→ TASK
Restate each line below word for word, skipping every picture.

→ GIVEN MATERIAL
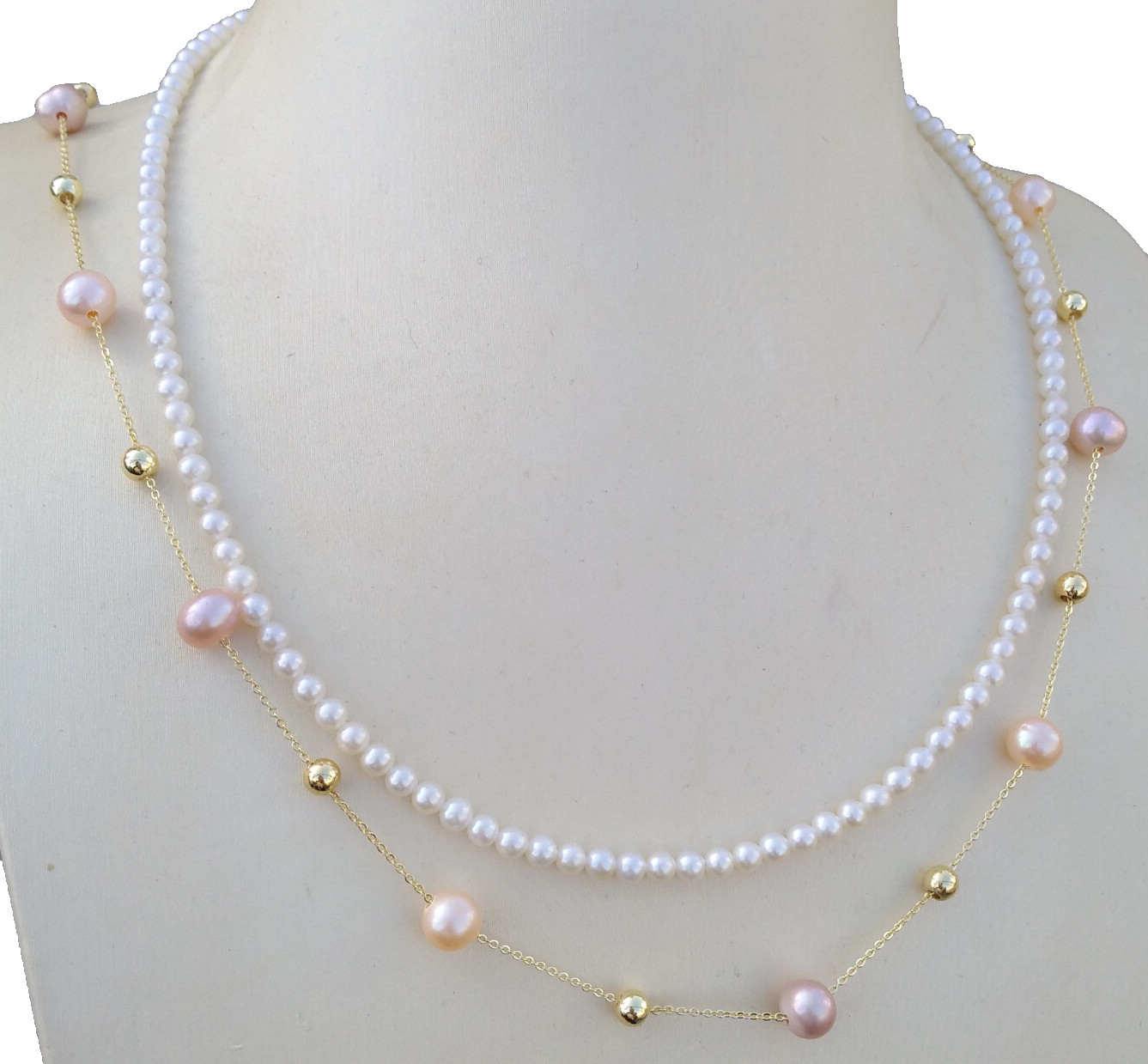 Gorgeous Two Strands AAA South Sea Multicolor Pearl Necklace 17″ 19″ 14k Gold P
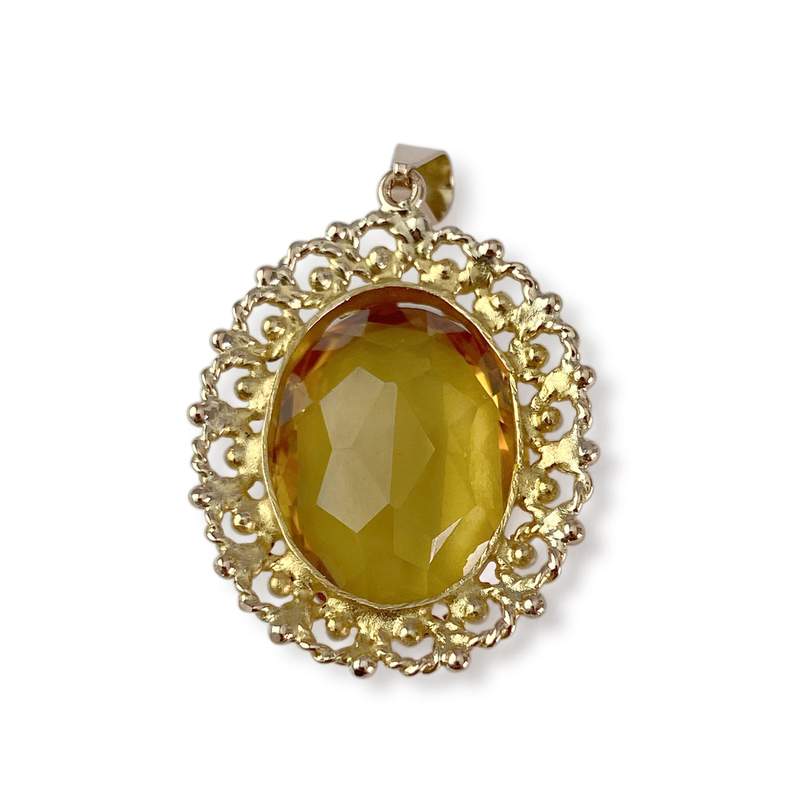Pre-owned 585 yellow gold pendant with synthetic corundum - view 2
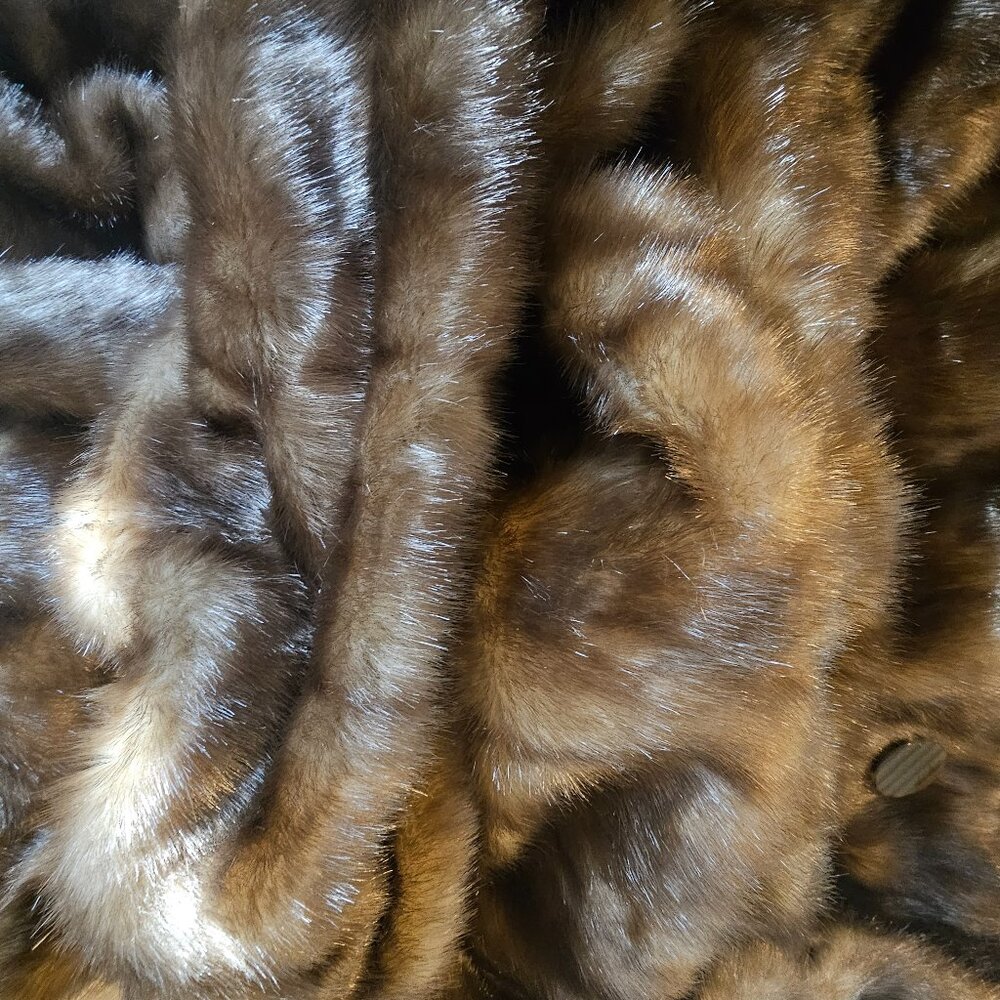 Vintage XS Rachel Zoe Horizontal Chestnut Faux Mink Cropped Fur Coat Soft - Picture 5 of 12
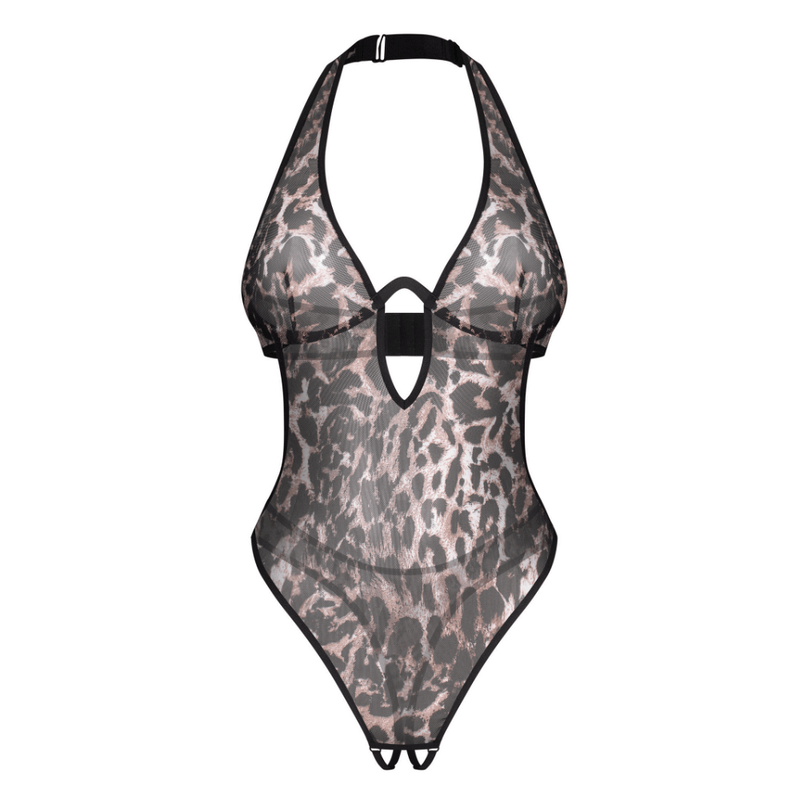 Addia Leopard Print Crotchless Teddy - Silk and Sin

→ WRITTEN SOLUTION
 Gorgeous Two Strands AAA South Sea Multicolor Pearl Necklace 17″ 19″ 14k Gold P
Pre-owned 585 yellow gold pendant with synthetic corundum - view 2
 Vintage XS Rachel Zoe Horizontal Chestnut Faux Mink Cropped Fur Coat Soft - Picture 5 of 12
 Addia Leopard Print Crotchless Teddy - Silk and Sin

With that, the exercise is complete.